For example, this is the a code cell contains code to print "Hello Iceberg Summit"


In [1]:
print("Hello Iceberg Summit")

Hello Iceberg Summit


To execute a cell, click it and press Shift + Enter. The output will be displayed below the cell.

To execute a cell, click it and press Shift + Enter. The output will be displayed below the cell.

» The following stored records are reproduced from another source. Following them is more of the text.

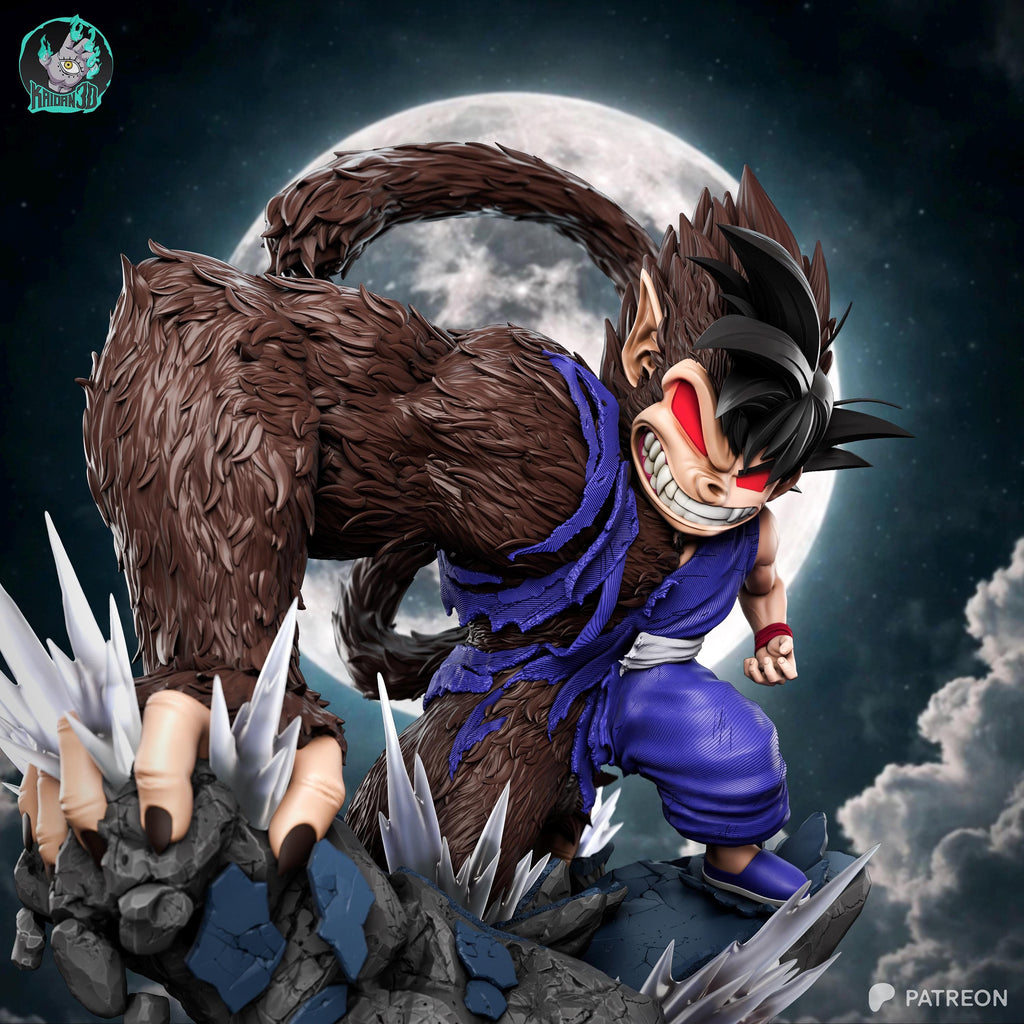 Moon-Cursed Collosus - Giant Ape Anime Beast Goku Oozaru Resin Figure 16K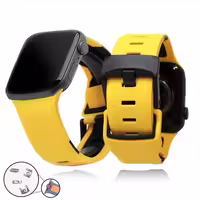 بند اپل واچ 42/44/45/49MM برند UAG زرد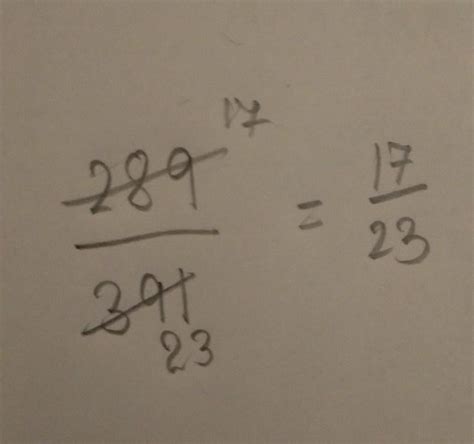 Reduce 289/391 to the lowest term - Brainly.in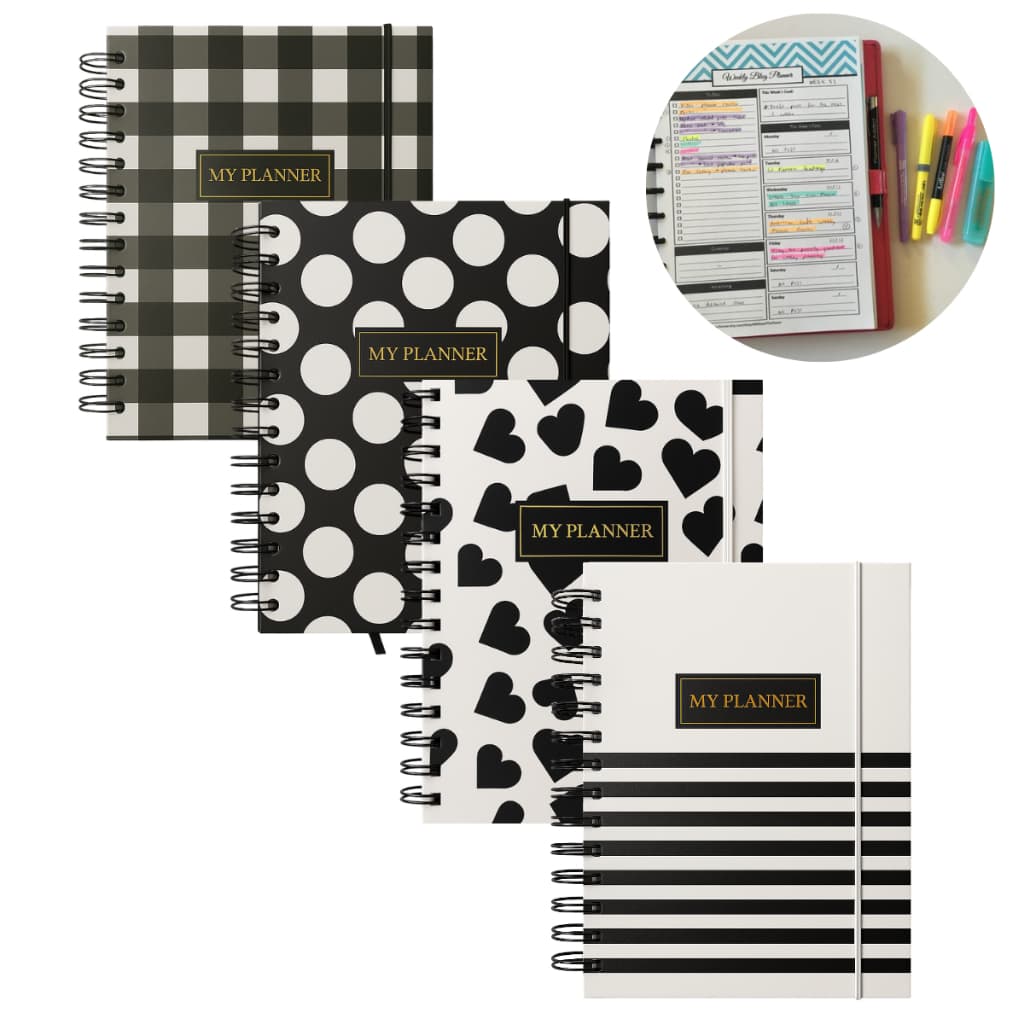 Planner Agenda Caderno De Capa Dura Planejamento Diária Semanal Mensal Financeiro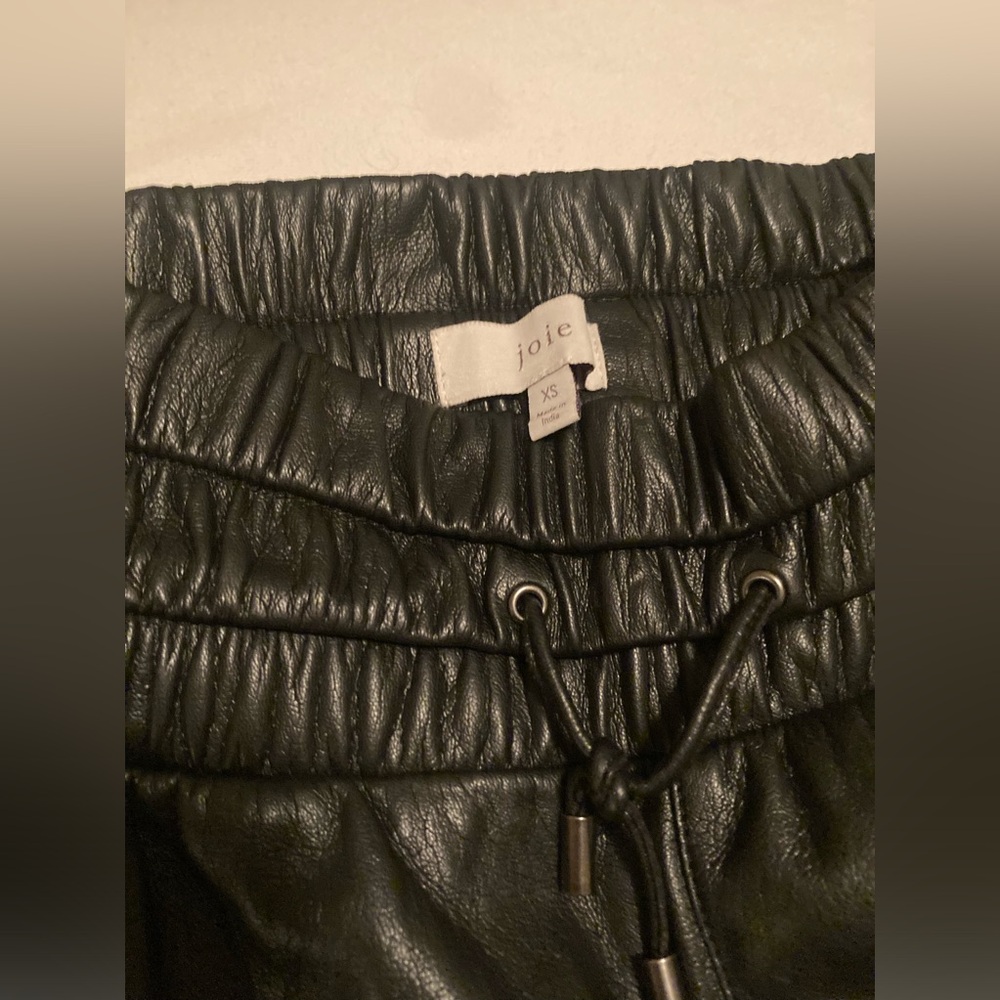 Joie faux leather joggers black size XS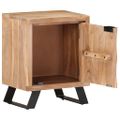 vidaXL Nočný stolík 40x30x50 cm akáciový masív so živými hranami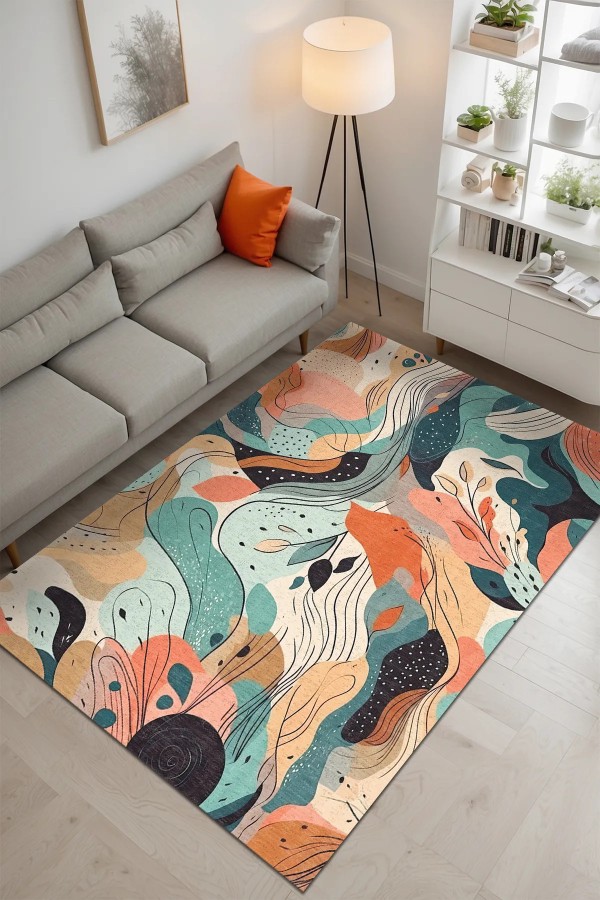 Salem Modern Kadife Yıkanabilir Kaymaz Pamuk Tabanlı Antibakteriyel Salon Halısı Salem Modern Kadife Yıkanabilir Kaymaz Pamuk Tabanlı Antibakteriyel Salon Halısı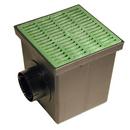 9 x 10 in. Basin Kit with Grate in Green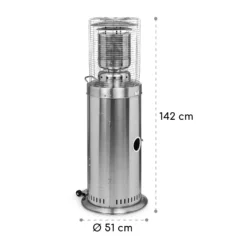Heatwave Gasheizstrahler 10 KW (728 G/h) Bodenrollen Schutzcover Piezozündung -Deutschland Klarstein Verkaufs-Shop 10035957 yy 0008 logo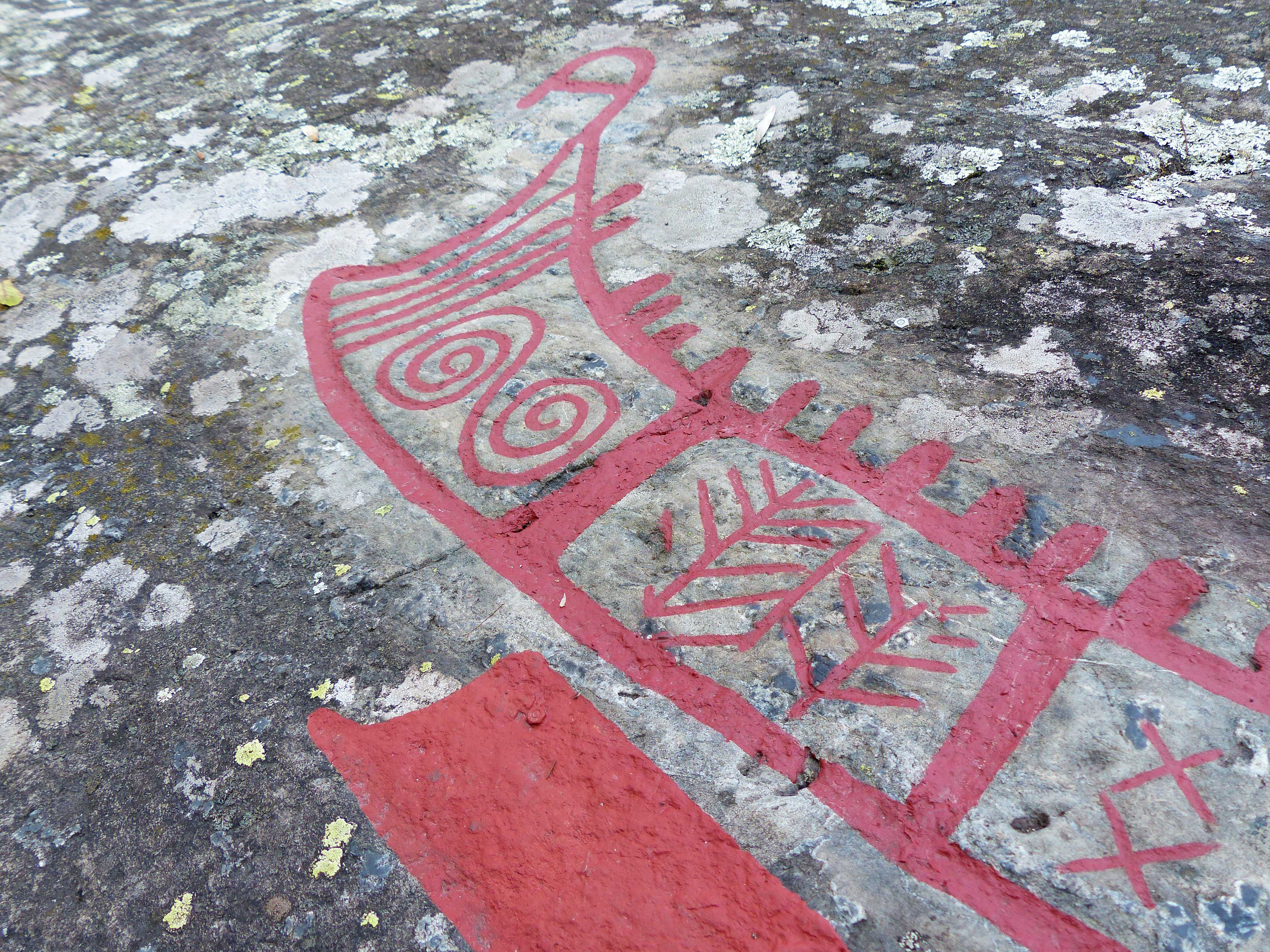 Ospecificerad skepp, Detalj, Målad, Spiral dubbel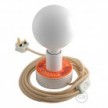Kit Creative Flex flexibles gewebeummanteltes Kabelrohr, RM76 zartblau mit Metallenden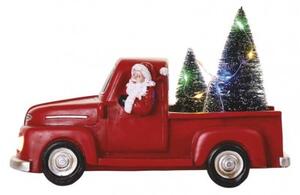 EMOS DCLW09 LED dekorace – Santa v autě, 10cm, vnitřní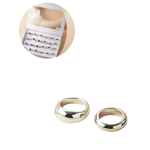 ANILLO ACERO BLANCO TIPO INFLADO AN2152P EAÑ
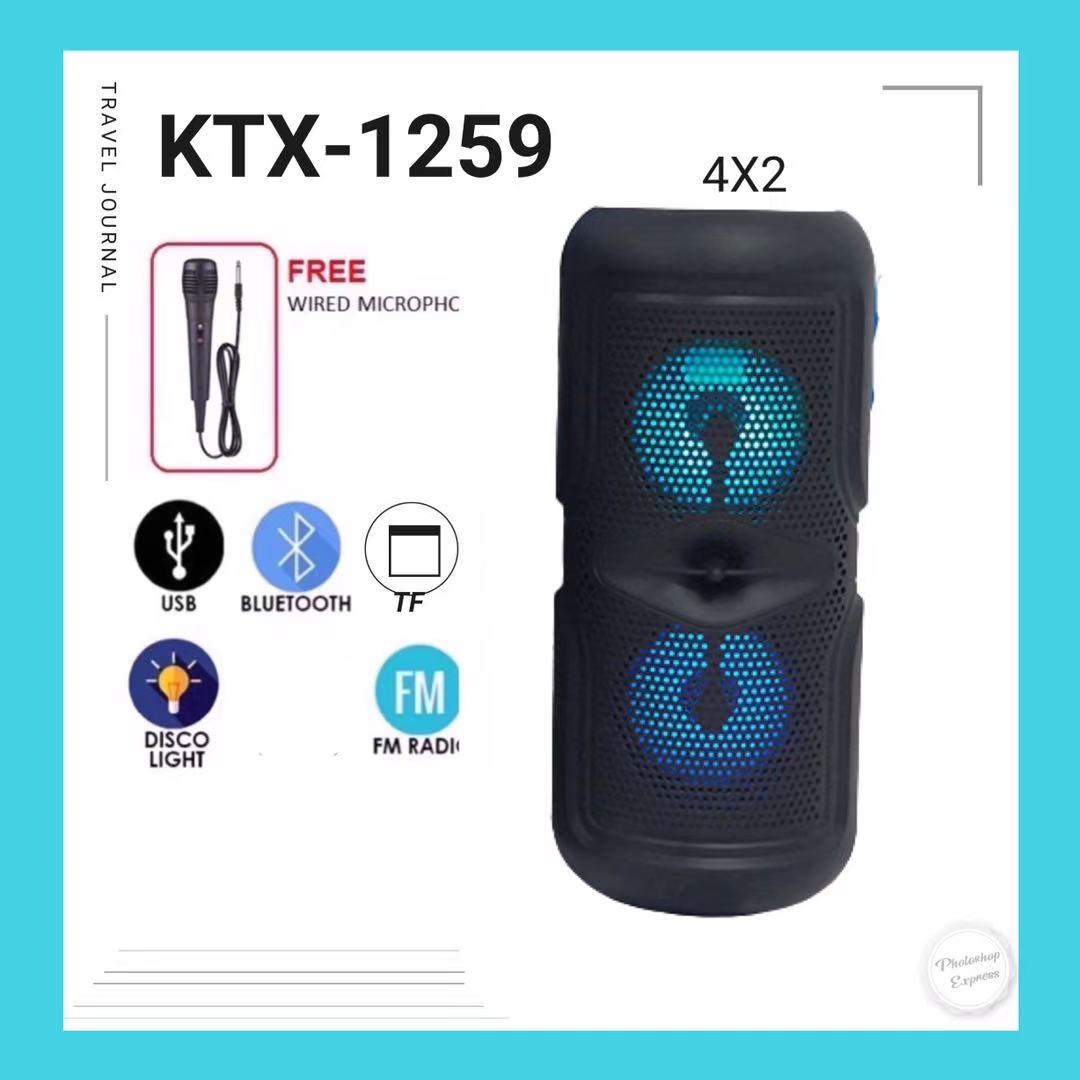 Wireless Bluetooth Speaker, Dual 4 inch KTS Speaker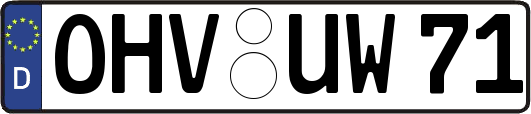 OHV-UW71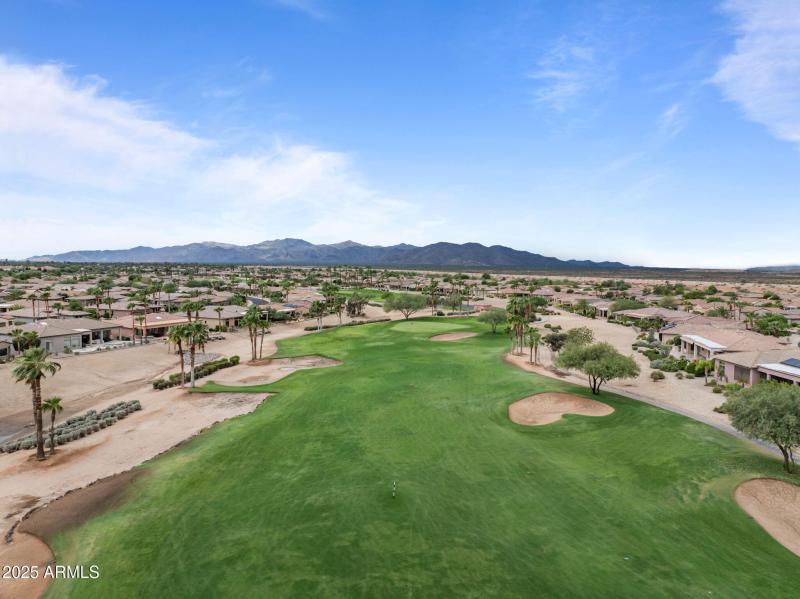 16th fairway behind home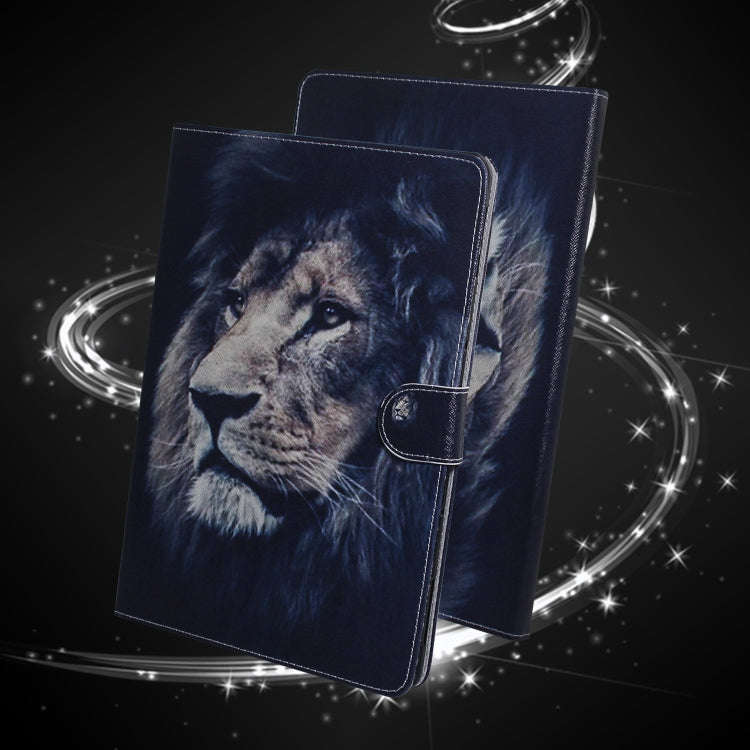 For Huawei MatePad T8 Colored Drawing Pattern Horizontal Flip PU Leather Case with Holder & Card ...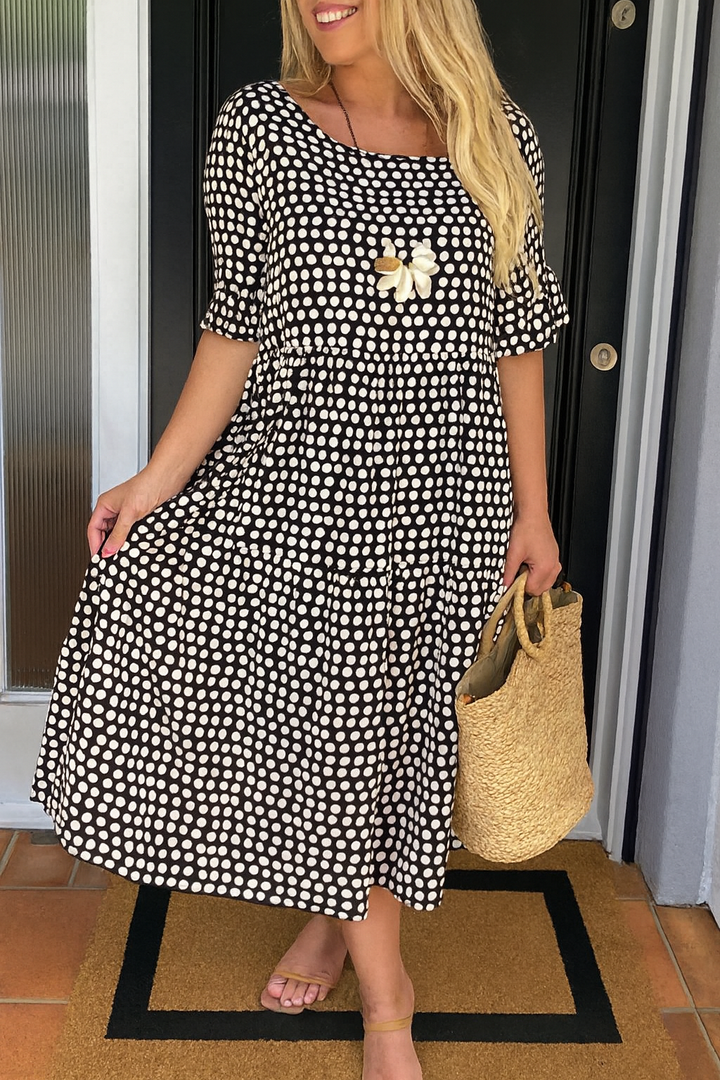 Niamh | Elegant Tiered Midi Dress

# Iceberg Metadata Structure

![My Image](https://github.com/HonahX/iceberg-summit-workshop/blob/main/notebooks/imgs/iceberg-metadata.png?raw=true)

# Setup

## Install Dependencies

In [None]:
%pip install pyiceberg[pyarrow,pandas,sql-sqlite]==0.9.0

## Create utils to print directory

In [3]:
import os

def print_directory(root_path, indent=''):
    try:
        entries = sorted(os.listdir(root_path))
    except FileNotFoundError:
        print(f"{indent}[Error] Path not found: {root_path}")
        return
    except PermissionError:
        print(f"{indent}[Error] Permission denied: {root_path}")
        return

    for i, entry in enumerate(entries):
        path = os.path.join(root_path, entry)
        is_last = (i == len(entries) - 1)
        branch = '└── ' if is_last else '├── '
        print(f"{indent}{branch}{entry}")
        if os.path.isdir(path):
            new_indent = indent + ('    ' if is_last else '│   ')
            print_directory(path, new_indent)

## Download Example Data

In [4]:
import os
data_dir = "/data"
os.makedirs(data_dir, exist_ok=True)

!wget https://d37ci6vzurychx.cloudfront.net/trip-data/yellow_tripdata_2024-01.parquet -O /data/yellow_tripdata_2024-01.parquet
!wget https://d37ci6vzurychx.cloudfront.net/trip-data/yellow_tripdata_2024-02.parquet -O /data/yellow_tripdata_2024-02.parquet
!wget https://d37ci6vzurychx.cloudfront.net/trip-data/yellow_tripdata_2024-03.parquet -O /data/yellow_tripdata_2024-03.parquet

--2025-04-06 16:10:04--  https://d37ci6vzurychx.cloudfront.net/trip-data/yellow_tripdata_2024-01.parquet
Resolving d37ci6vzurychx.cloudfront.net (d37ci6vzurychx.cloudfront.net)... 18.160.201.126, 18.160.201.5, 18.160.201.131, ...
Connecting to d37ci6vzurychx.cloudfront.net (d37ci6vzurychx.cloudfront.net)|18.160.201.126|:443... connected.
HTTP request sent, awaiting response... 200 OK
Length: 49961641 (48M) [binary/octet-stream]
Saving to: ‘/data/yellow_tripdata_2024-01.parquet’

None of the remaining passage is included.